Commercially available preparations of voriconazole and anidulafungin were supplied by Pfizer Inc. (New York, NY). Both medications were reconstituted, diluted, and stored according to the manufacturer's recommendations. The loading doses had a final volume of 560 ml, while the maintenance doses were 280 ml. All dosages were prepared by the Department of Pharmacy at Hartford Hospital and were administered within 12 h after preparation.
The participants received i.v. voriconazole loading doses of 6 mg/kg of body weight every 12 h on day 1 as 120-min infusions through a peripheral i.v. catheter, followed by maintenance doses of 4 mg/kg every 12 h on day 2 and a single 4-mg/kg dose on day 3 as 100-min infusions. Simultaneously, through a second peripheral i.v. site, the participants received an anidulafungin loading dose of 200 mg on day 1 as a 200-min infusion, followed by maintenance doses of 100 mg every 24 h on days 2 and 3 as 100-min infusions. Weight-based voriconazole doses were calculated from the actual body weight of each participant and were rounded to the nearest milligram. Duplicate blood samples were taken from a third peripheral i.v. catheter at 0 h (the start of the infusion); 100 min (the end of the infusion); and 2, 4, 8, 12, and 24 h after the start of drug administration for plasma drug concentration determination. Serum for urea analysis was collected at the start of the bronchoscopy and bronchoalveolar lavage (BAL) procedure.
The participants were randomized to undergo a single bronchoscopy with BAL at 4, 8, 12, or 24 h after the third dose. This provided data for five participants per BAL time point. After the participants fasted for 6 h, they were administered 4% aerosolized lidocaine in the nares and oropharynx and 2% lidocaine jelly in the nasal passageway within 30 min of bronchoscopy. Conscious sedation consisting of i.v. midazolam at 2 mg was reserved for participants undergoing a difficult bronchoscopy, as determined by the pulmonologist. A fiber optic bronchoscope (Olympus America Inc., Center Valley, PA) was inserted into the medial segment of the right middle lobe of the lung. Four 50-ml aliquots of 0.9% sodium chloride were separately instilled and immediately aspirated via the bronchoscope. After the first sample was discarded, the remaining aspirates were pooled and the volume was recorded. Duplicate 4-ml samples were taken from the pooled BAL fluid and sent to the clinical laboratory for a complete cell count, while the remaining fluid was placed on ice and transferred for processing.

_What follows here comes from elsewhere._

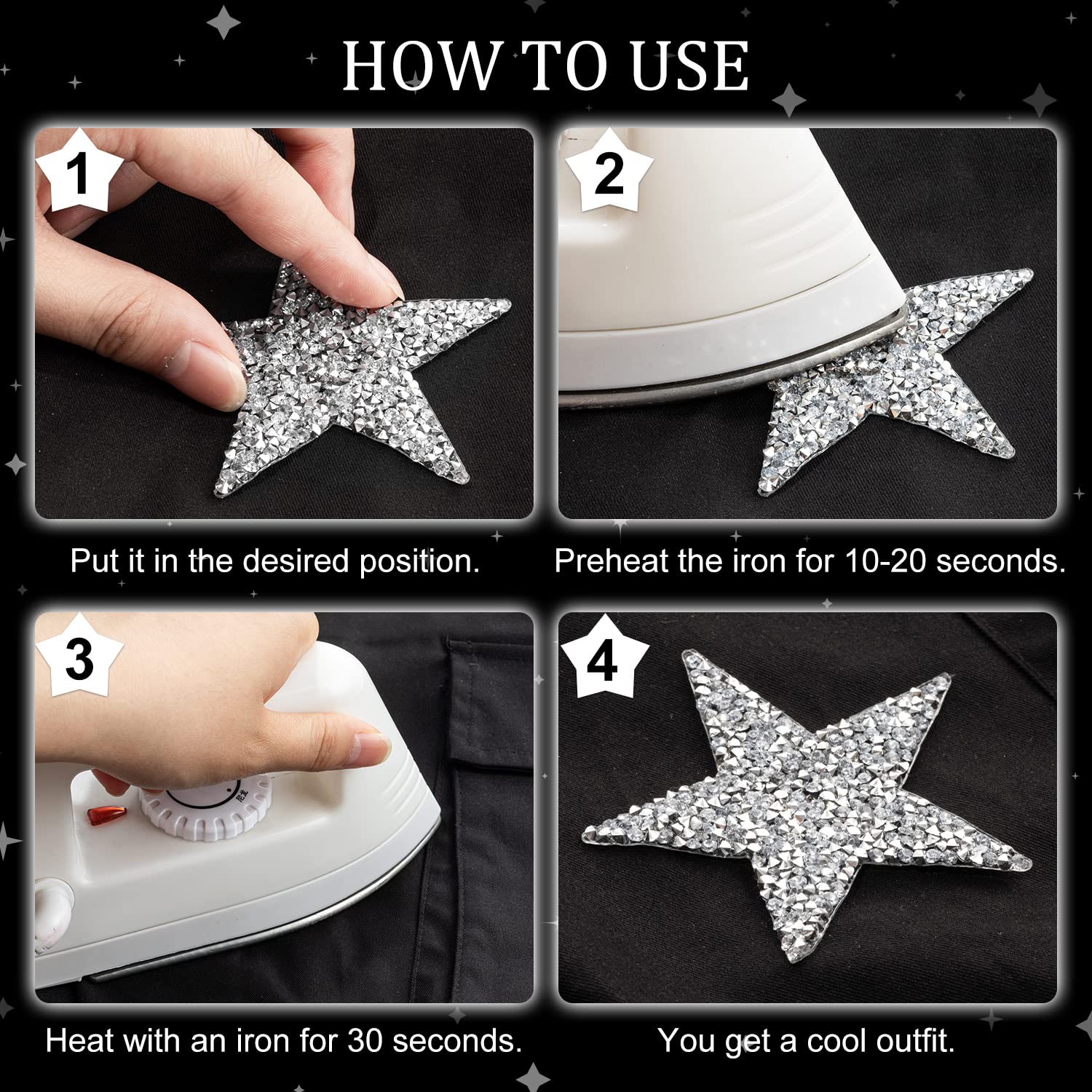 60 Pcs Silver Star Iron-On Patches - Glitter Rhinestone Appliques for Clothing, Jeans, Bags & Hats - DIY Repair & Decoration (4 Sizes) - Perfect for Costumes, Fashion Upgrades & Craft Projects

The blood samples were centrifuged (1,000 × g at 4°C for 10 min) immediately after collection. The separated plasma was stored at −80°C until further analysis. The BAL fluid was centrifuged at 400 × g at 4°C for 10 min to separate the supernatant and the cell pellet. A sample of the supernatant was collected for urea concentration determination. To prevent the loss of drug due to the nonspecific binding of anidulafungin (observed in previous experiments), all containers were rinsed with methanol and pooled to create a 1:1 ratio of supernatant and methanol in the final samples. These samples were stored at −80°C until analysis. To lyse the cells, the cell pellet was resuspended in equal parts of 0.9% sodium chloride and methanol at a volume equal to 10% of the total pooled BAL fluid volume, and the mixture was stored at −80°C.
Plasma, BAL fluid supernatant, and BAL fluid cell pellet samples were assayed at PPD, Inc. (Richmond, VA), for voriconazole and anidulafungin by a validated high-performance liquid chromatography/tandem mass spectrometry method.
The voriconazole and anidulafungin concentrations in individual samples collected during the study period were determined separately. The methodology for plasma voriconazole concentration determination has recently been published (1). The dynamic range for the voriconazole assay was 10.0 to 5,000 ng/ml; the accuracy, expressed as the percent difference from the theoretical concentration in the quality control (QC) sample prepared with concentrations at 30.0, 250, 2,000, and 4,000 ng/ml, ranged from −2.89 to 5.37%; and the precision was ≤4.30%. The method used to measure the anidulafungin concentration in plasma is similar to the method described below for analysis of the BAL fluid supernatant and BAL fluid cell pellet samples. The plasma anidulafungin assay had a dynamic range of 50.0 to 20,000 ng/ml. The accuracy for the QC samples prepared with concentrations of 150, 750, 2,000, 6,000, and 15,000 ng/ml used during sample analysis ranged from 1.17 to 4.67%; and the precision, expressed as the coefficient of variation, was ≤4.80% for anidulafungin.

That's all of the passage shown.